Samson Opposes the Philistines

c. 1209–1169 BC

c. 1162 BC

c. 1075–1055 BC


The book of Judges demonstrates God’s continued faithfulness to his persistently wayward people. The cyclical pattern of the people’s sin and God’s rescue is the steady refrain throughout the book. Often God demonstrated his love through judgment, purging the filth of sin from among the people and teaching them to fear him alone. Yet despite their sin, God continued to send human deliverers—namely, the judges—whom he empowered to remind the people of God’s ways and call them to repentance and obedience.

Judges demonstrates the depravity of humankind and the necessity of God’s judgment.

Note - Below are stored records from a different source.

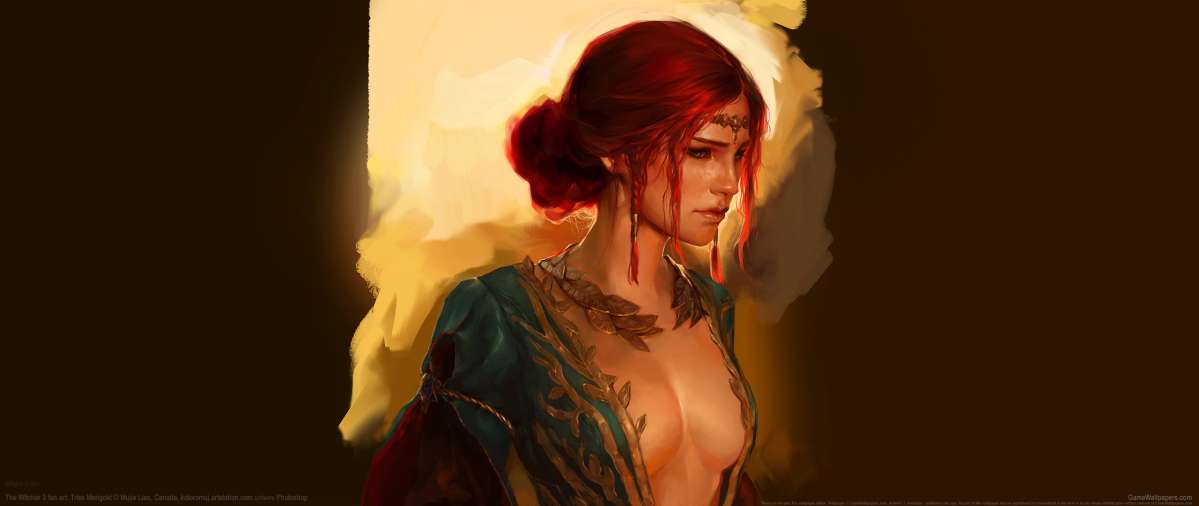 The Witcher 3 fan art ultrawide fondo de escritorio 02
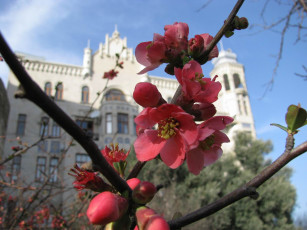 Картинка цветы айва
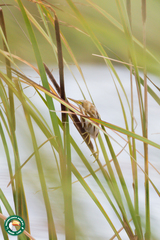 Ixobrychus involucris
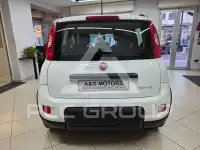 2021 Fiat Panda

God did not turn his back to Israel’s sin; rather, he turned toward his beloved people in loving pursuit. God’s redemptive mission necessitated that he allow Israel to feel the weight of their choices because sin has earthly consequences as well as heavenly ones. Israel suffered consistent internal strife and external turmoil with foreign nations. Through it all, God was always faithful to the covenant promises he made to Abraham and his descendants. Then as now, salvation happens by God’s sheer grace: There is no question that the people don’t merit God’s mercy through their own moral uprightness or their willingness to turn from their sin. God acts because he is faithful. This same covenant faithfulness provides the only hope of God’s people throughout time and eternity.

The pattern of rebellion, judgment and deliverance dominates each subsequent event in Israel’s life. Over time, this pattern devolved as the Israelites found increasingly heinous ways to rebel against God’s decrees and their faithlessness necessitated God’s judgment. The book consistently demonstrates Israel’s corrupt nature throughout the time of the judges, beginning with the generation that followed Joshua’s (2:6–15). In contrast to the preceding book of Joshua, this book sounds a depressing, hopeless tone that indicates just how far and how quickly the people of God had fallen.

By the end of the book, there is no question as to whether a human leader would ever be capable of delivering the people from their sin. As we see from the cycles in Judges, only God is capable of rescuing such a wayward people.

Today, all believers understand this reality. Broken and battered by sin, people long for the true deliverer, the One of whom the judges were a mere shadow. Jesus, the incarnate Son of God, has provided this deliverance by taking God’s judgment on himself and fulfilling for all time God’s promise to always be faithful to his people.


He sent them a prophet, who said, “This is what the LORD, the God of Israel, says: I brought you up out of Egypt, out of the land of slavery.”